Of the experience Ellen White wrote:
What a scene is before me! It is estimated that twenty thousand people are assembled in this grove. The third train, of fifteen cars, has just arrived. Every seat was filled and every foot of standing room, also the platform and the steps. A sea of human heads is already before me, and still the cars are to come. This is to me the most solemn sight I ever beheld. Hundreds in carriages are driving away because they cannot get within sound of the speaker's voice.--Ibid.
All standing room throughout the entire enclosure was taken, and some, like Zacchaeus, climbed trees to get sight of the speaker. The vast throng gave good attention; Ellen White, speaking slowly with a low, well-supported voice, made them hear. Many took trains home for the noonday meal, others swarmed down on the foodstand "like an army of grasshoppers on a Kansas cornfield," and according to the "reporter," "made quite as clean work." Many had brought their lunch baskets. They were the fortunate ones.

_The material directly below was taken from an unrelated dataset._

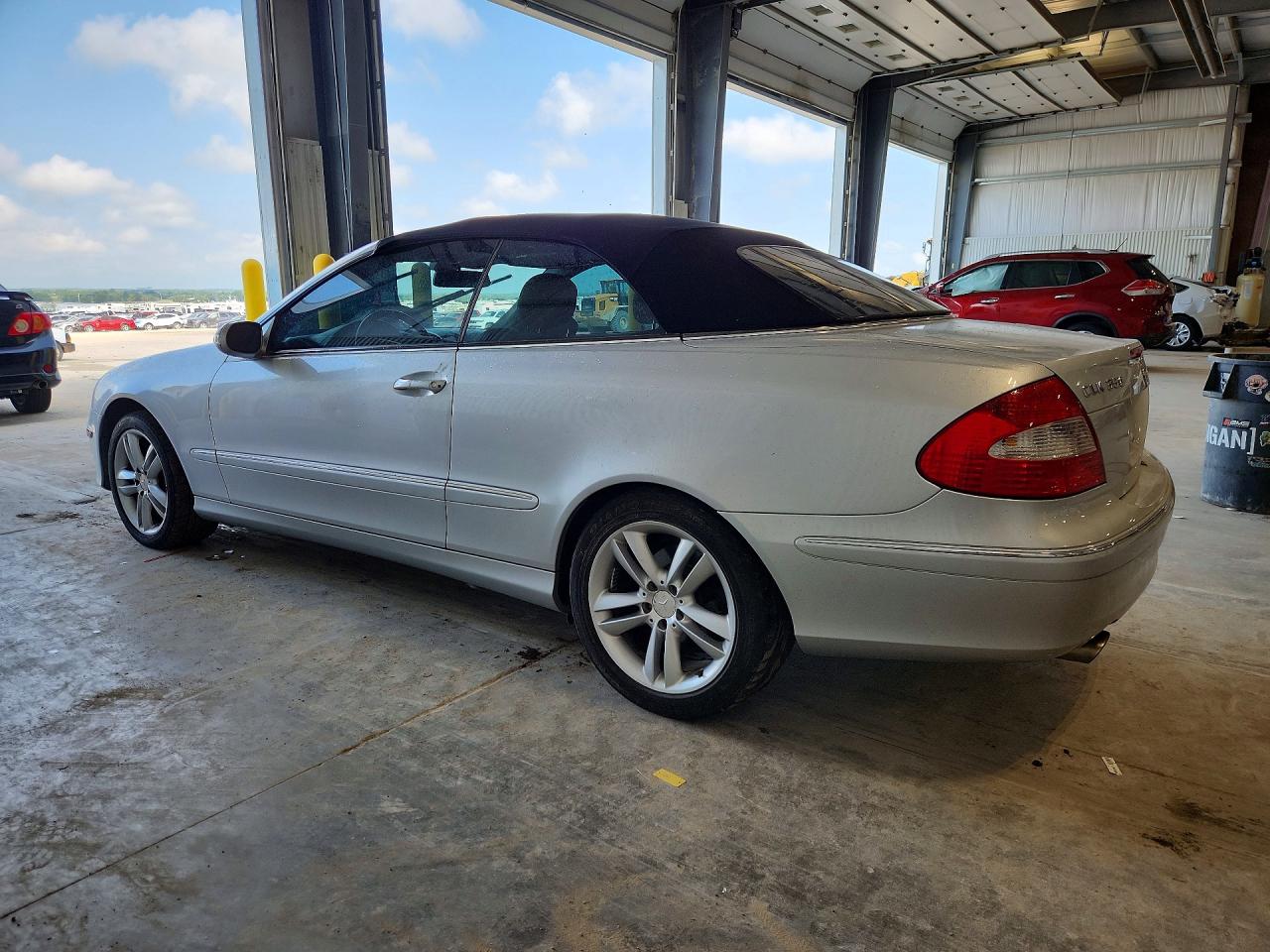 2008 Mercedes-benz Clk 350 Silver vin: WDBTK56F38F247553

Temperance Meeting in Haverhill
No sooner was Ellen White finished with her afternoon discourse than the officers of the Temperance Reform Club of Haverhill approached her, inviting her to speak the next evening in an auditorium in the city; they promised an audience of one thousand. Although weary, she consented to fill the appointment. She reported that leading men from the city were on the platform. She wrote:
The Queen of England could not have been more honored.... One thousand people were before me of the finest and most select of the city.

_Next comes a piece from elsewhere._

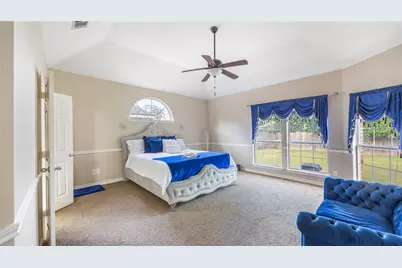 7724 Brook Meadow Lane, Fort Worth, TX 76133 - Photo 13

I was stopped several times with clapping of hands and stomping of feet. I never had a more signal victory....
Never did I witness such enthusiasm as these noble men leading out in temperance reform manifested over my talk upon temperance. It was new to them. I spoke of Christ's fast in the wilderness and its object. I spoke against tobacco. I was besieged after the meeting and commended, and I was urged, if I came to Haverhill, to speak to them again.--Letter 42, 1876.
A Banner Camp Meeting Year
As D. M. Canright reported in the Signs of the accomplishments of the Illinois camp meeting, the last of the season in the East, he gave particular attention to the work of Mary Clough as a press secretary. He noted the results of her labors in introducing the denomination to the general public through her reports of the work of the church furnished to the public press. He observed:
Our indispensable reporter, Miss Mary Clough, was also on hand with her genial good nature and ready pen, keeping a half-dozen copyists busy sending the reports each one copied by hand of our meetings to papers in all parts of the State. If anyone in the Northern States doesn't know who Seventh-day Adventists are by this time, it is not because the papers haven't done their duty in the case! So closes another camp meeting season, by far the best we have ever had.--The Signs of the Times, October 19, 1876.
The issue of the Review and Herald of the same date carried James White's appraisal of this new method of outreach.
Our camp meeting reporter, Miss Mary L. Clough--Mrs. White's niece, much respected and beloved by our people, not only for her ability as a writer, but for all those qualities and accomplishments which make her a refined lady--has done a work with her pen which but few of our people comprehend.--The Review and Herald, October 19, 1876.
When the camp meetings were over and the Whites and Mary Clough returned on Wednesday, October 4, to Battle Creek, they were utterly worn and exhausted. They had succeeded, but for it they paid a price--the price mortal man pays for overwork, a price paid gladly to see the cause of God prosper.